START RECORDS TO USE

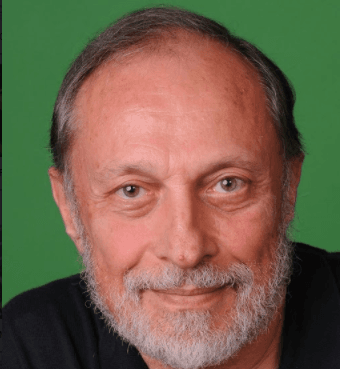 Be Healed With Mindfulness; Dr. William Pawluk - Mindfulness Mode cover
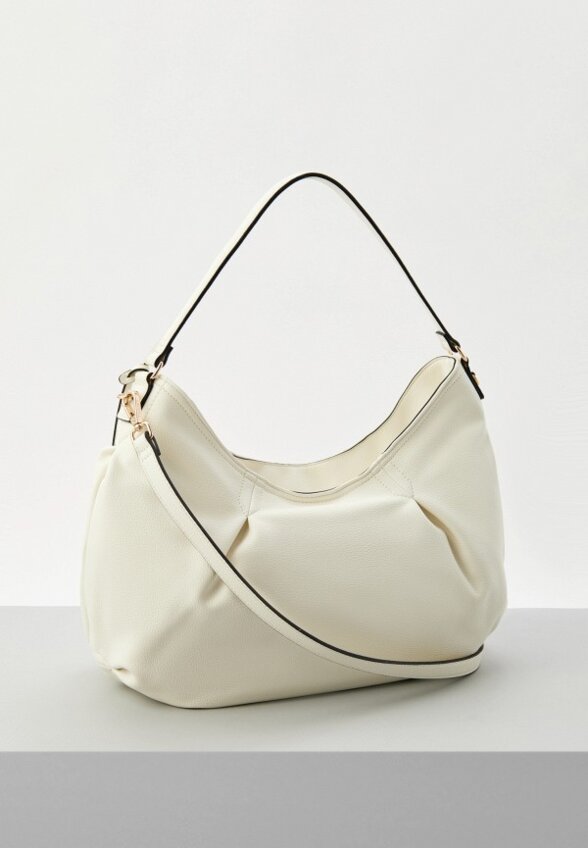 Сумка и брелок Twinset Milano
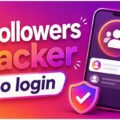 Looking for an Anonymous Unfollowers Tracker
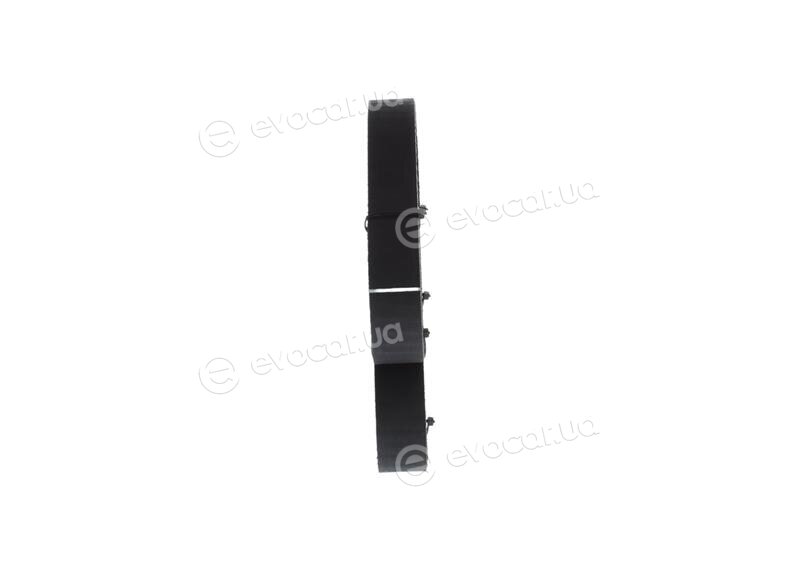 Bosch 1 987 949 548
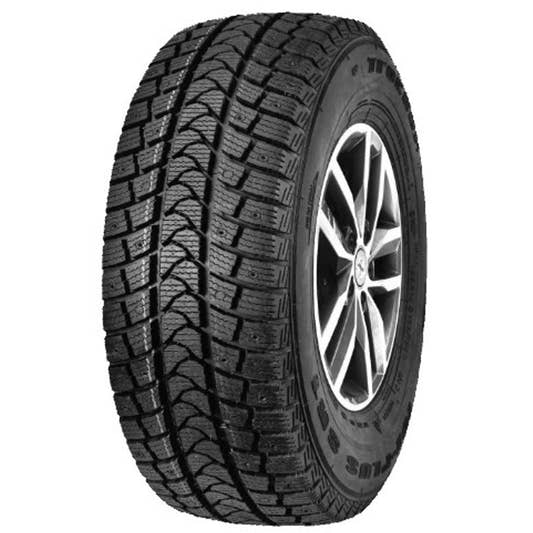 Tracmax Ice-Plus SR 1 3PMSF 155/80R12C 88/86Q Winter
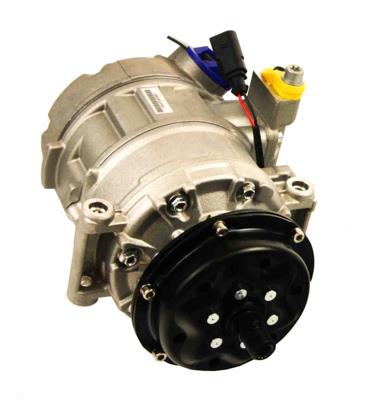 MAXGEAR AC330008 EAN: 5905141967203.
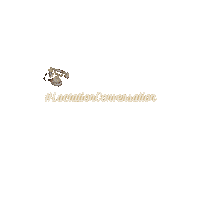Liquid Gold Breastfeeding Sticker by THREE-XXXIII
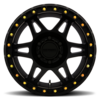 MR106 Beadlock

END RECORDS TO USE

• TASK DESCRIPTION: Only the lines from the one with "Liquid Gold Breastfeeding" through the final line of the entries above should be transcribed, exactly and without pictures.

• WRITTEN SOLUTION:
Liquid Gold Breastfeeding Sticker by THREE-XXXIII
 MR106 Beadlock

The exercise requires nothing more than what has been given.